Activity –
For the material below, output exactly the span from the line with "Tornado™ Popper - DinoSmash" to the line with "BOLD DENTIST CARTE", including both, and nothing besides.

_ _ _ _

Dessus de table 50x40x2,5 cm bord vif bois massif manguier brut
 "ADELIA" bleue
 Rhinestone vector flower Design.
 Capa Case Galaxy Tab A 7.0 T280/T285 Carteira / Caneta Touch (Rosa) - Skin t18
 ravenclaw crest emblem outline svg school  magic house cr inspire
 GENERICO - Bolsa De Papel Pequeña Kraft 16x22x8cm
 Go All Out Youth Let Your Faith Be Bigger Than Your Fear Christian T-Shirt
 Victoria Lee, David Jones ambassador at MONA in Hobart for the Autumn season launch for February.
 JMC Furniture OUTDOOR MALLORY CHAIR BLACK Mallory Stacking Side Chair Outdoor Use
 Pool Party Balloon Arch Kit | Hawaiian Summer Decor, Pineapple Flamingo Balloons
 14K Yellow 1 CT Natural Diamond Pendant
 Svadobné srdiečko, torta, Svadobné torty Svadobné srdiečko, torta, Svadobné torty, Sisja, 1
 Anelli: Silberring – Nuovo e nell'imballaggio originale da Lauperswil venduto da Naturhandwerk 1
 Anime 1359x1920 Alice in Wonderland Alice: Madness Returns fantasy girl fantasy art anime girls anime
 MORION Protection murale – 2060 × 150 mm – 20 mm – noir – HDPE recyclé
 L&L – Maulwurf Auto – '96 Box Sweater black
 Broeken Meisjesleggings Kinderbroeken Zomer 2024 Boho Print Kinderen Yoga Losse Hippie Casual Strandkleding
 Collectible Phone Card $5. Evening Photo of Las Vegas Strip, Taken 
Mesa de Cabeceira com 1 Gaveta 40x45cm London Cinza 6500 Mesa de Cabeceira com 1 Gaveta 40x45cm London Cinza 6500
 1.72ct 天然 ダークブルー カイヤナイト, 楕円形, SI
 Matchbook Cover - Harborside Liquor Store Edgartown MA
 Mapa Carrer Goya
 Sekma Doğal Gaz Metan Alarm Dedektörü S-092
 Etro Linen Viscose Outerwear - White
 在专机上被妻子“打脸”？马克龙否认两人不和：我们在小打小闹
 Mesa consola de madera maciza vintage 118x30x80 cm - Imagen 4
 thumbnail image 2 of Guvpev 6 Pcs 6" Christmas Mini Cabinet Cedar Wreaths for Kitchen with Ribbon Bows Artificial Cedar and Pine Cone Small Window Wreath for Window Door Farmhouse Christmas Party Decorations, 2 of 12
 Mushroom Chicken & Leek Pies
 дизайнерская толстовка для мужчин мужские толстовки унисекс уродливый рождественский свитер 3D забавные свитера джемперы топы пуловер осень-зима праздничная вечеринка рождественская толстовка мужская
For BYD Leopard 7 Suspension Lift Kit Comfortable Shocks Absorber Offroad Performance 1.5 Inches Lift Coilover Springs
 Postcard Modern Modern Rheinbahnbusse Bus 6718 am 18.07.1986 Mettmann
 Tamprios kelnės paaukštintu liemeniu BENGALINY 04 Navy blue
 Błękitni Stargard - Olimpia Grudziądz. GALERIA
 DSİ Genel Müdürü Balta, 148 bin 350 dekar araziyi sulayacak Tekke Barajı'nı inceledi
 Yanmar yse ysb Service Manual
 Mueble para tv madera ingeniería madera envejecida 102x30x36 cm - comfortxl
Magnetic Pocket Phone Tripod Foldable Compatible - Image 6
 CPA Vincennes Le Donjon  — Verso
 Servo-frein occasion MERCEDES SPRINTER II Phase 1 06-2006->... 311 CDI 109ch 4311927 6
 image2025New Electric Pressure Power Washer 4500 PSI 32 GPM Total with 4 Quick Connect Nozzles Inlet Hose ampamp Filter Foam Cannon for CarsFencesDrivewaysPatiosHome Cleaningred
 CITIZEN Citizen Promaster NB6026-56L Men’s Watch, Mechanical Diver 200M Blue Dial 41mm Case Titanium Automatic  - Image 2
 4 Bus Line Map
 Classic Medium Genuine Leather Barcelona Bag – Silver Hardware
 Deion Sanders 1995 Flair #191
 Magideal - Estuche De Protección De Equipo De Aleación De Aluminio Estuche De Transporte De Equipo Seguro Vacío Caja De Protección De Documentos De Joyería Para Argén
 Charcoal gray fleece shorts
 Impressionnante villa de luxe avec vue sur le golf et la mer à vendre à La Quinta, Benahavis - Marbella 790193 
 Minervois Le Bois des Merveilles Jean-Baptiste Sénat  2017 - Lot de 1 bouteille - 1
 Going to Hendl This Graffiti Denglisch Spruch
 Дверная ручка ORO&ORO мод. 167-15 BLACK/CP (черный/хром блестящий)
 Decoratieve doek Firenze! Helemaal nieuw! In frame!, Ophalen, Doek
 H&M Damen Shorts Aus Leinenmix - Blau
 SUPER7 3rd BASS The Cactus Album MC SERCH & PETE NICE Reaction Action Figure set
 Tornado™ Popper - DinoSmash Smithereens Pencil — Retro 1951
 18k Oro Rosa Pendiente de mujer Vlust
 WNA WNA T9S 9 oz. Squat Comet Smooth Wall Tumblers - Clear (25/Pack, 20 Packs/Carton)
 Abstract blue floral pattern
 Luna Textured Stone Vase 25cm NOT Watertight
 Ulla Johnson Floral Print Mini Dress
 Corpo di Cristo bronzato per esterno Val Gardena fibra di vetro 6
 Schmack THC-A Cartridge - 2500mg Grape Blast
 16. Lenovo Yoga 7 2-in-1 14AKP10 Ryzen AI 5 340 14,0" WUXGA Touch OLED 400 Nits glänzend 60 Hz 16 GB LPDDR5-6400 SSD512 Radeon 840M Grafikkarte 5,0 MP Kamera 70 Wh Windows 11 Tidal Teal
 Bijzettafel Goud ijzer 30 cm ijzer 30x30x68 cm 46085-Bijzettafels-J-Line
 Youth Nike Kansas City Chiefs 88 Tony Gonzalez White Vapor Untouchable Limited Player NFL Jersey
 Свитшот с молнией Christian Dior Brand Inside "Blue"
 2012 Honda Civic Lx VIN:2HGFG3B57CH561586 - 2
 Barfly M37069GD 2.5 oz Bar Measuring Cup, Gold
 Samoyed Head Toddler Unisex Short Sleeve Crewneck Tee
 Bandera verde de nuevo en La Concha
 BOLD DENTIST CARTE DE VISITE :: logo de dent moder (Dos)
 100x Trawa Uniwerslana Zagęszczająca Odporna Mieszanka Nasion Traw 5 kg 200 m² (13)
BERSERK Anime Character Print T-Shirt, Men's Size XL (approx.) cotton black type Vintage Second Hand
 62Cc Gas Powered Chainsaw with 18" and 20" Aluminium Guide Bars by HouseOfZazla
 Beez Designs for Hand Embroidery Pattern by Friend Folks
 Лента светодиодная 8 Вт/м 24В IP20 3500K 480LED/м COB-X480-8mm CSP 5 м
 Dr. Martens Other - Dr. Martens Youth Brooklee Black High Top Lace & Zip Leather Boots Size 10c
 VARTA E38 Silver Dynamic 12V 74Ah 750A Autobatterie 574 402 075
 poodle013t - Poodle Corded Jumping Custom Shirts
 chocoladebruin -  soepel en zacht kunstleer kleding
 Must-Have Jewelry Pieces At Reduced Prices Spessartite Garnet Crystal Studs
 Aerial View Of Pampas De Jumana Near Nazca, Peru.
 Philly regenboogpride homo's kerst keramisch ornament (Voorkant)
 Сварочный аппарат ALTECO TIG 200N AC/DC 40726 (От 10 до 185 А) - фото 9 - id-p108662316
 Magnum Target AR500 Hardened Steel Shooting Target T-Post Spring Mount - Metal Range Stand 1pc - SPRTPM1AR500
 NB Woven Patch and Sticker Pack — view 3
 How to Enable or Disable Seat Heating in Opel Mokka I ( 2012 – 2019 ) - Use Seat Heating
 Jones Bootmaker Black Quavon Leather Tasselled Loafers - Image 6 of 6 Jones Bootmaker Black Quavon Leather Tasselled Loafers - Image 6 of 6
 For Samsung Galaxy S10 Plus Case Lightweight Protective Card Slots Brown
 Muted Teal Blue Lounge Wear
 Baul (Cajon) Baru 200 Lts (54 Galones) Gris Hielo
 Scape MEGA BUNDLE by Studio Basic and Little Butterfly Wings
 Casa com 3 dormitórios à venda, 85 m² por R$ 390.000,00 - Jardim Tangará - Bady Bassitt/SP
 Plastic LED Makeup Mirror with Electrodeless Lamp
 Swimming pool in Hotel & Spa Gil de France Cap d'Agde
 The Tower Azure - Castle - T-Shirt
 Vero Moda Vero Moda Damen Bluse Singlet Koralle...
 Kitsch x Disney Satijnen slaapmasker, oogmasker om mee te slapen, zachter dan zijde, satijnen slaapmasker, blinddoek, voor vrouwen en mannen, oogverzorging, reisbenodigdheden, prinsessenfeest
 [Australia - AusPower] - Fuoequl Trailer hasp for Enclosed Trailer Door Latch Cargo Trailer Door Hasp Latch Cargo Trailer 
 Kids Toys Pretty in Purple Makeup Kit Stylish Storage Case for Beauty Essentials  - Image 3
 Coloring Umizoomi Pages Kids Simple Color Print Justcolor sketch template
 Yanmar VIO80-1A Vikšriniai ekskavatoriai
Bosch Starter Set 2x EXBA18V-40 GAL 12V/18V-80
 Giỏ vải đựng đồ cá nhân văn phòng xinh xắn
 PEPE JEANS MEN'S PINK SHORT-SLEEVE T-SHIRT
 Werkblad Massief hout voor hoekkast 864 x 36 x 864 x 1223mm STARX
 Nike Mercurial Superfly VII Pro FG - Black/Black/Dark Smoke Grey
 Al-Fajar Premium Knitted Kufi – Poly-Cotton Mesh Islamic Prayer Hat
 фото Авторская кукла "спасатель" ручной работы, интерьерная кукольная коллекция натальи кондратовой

_ _ _ _

Problem solution –
 Tornado™ Popper - DinoSmash Smithereens Pencil — Retro 1951
 18k Oro Rosa Pendiente de mujer Vlust
 WNA WNA T9S 9 oz. Squat Comet Smooth Wall Tumblers - Clear (25/Pack, 20 Packs/Carton)
 Abstract blue floral pattern
 Luna Textured Stone Vase 25cm NOT Watertight
 Ulla Johnson Floral Print Mini Dress
 Corpo di Cristo bronzato per esterno Val Gardena fibra di vetro 6
 Schmack THC-A Cartridge - 2500mg Grape Blast
 16. Lenovo Yoga 7 2-in-1 14AKP10 Ryzen AI 5 340 14,0" WUXGA Touch OLED 400 Nits glänzend 60 Hz 16 GB LPDDR5-6400 SSD512 Radeon 840M Grafikkarte 5,0 MP Kamera 70 Wh Windows 11 Tidal Teal
 Bijzettafel Goud ijzer 30 cm ijzer 30x30x68 cm 46085-Bijzettafels-J-Line
 Youth Nike Kansas City Chiefs 88 Tony Gonzalez White Vapor Untouchable Limited Player NFL Jersey
 Свитшот с молнией Christian Dior Brand Inside "Blue"
 2012 Honda Civic Lx VIN:2HGFG3B57CH561586 - 2
 Barfly M37069GD 2.5 oz Bar Measuring Cup, Gold
 Samoyed Head Toddler Unisex Short Sleeve Crewneck Tee
 Bandera verde de nuevo en La Concha
 BOLD DENTIST CARTE DE VISITE :: logo de dent moder (Dos)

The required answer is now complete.